Press release: Bill C-51 has passed but serious human rights concerns have not gone away

When Bill C-51, the Anti-terrorism Act 2015, was tabled in Parliament this spring, Canada’s leading human rights organizations called for the Bill to be withdrawn. The International Civil Liberties Monitoring Group Amnesty International, the British Columbia Civil Liberties Association, the Canadian Civil Liberties Association, the Canadian Muslim Lawyers Association, La Ligue des Droits et Libertés and the National Council of Canadian Muslims have stated from the outset that the serious human rights shortcomings in Bill C-51 are so numerous and inseparably interrelated that the Bill should be withdrawn in its entirety. We believe that any national security law reform should instead, first, be convincingly demonstrated to be necessary and should then proceed only in a manner that is wholly consistent with the Canadian Charter of Rights and Freedoms and the country’s international human rights obligations.

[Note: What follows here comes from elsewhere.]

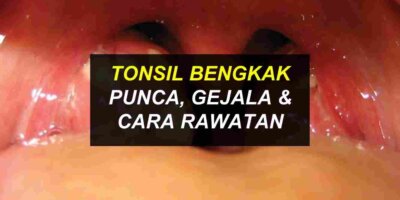Tonsil Bengkak : Punca, Simptom & Cara Rawat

Disappointingly, Bill C-51 has passed and is poised to become law. But the fight isn’t over yet. Too much is at stake. Over the past few months, we saw public concern and opposition to Bill C-51 grow as Canadians learned more about the Bill and the threat it poses to fundamental rights and freedoms. Now that it has passed, if we are to see the Anti-terrorism Act 2015 repealed, it is crucial that Canadians continue to have conversations in the months to come about security, human rights, and basic freedoms – with each other and with those seeking office in the fall’s federal election. We believe that the government has never made the case for Bill C-51 beyond the simple assertion that it “needs” additional powers to protect public safety. But it has provided no explanation as to why Canada’s spy agency needs unprecedented and troubling disruption powers.  It has not made a credible case for the vast, opaque and unaccountable all-of-government information sharing regime Bill C-51 creates.  And, it has provided no evidence for how no-fly lists with appeal provisions that lack due process actually improve aviation security and public safety.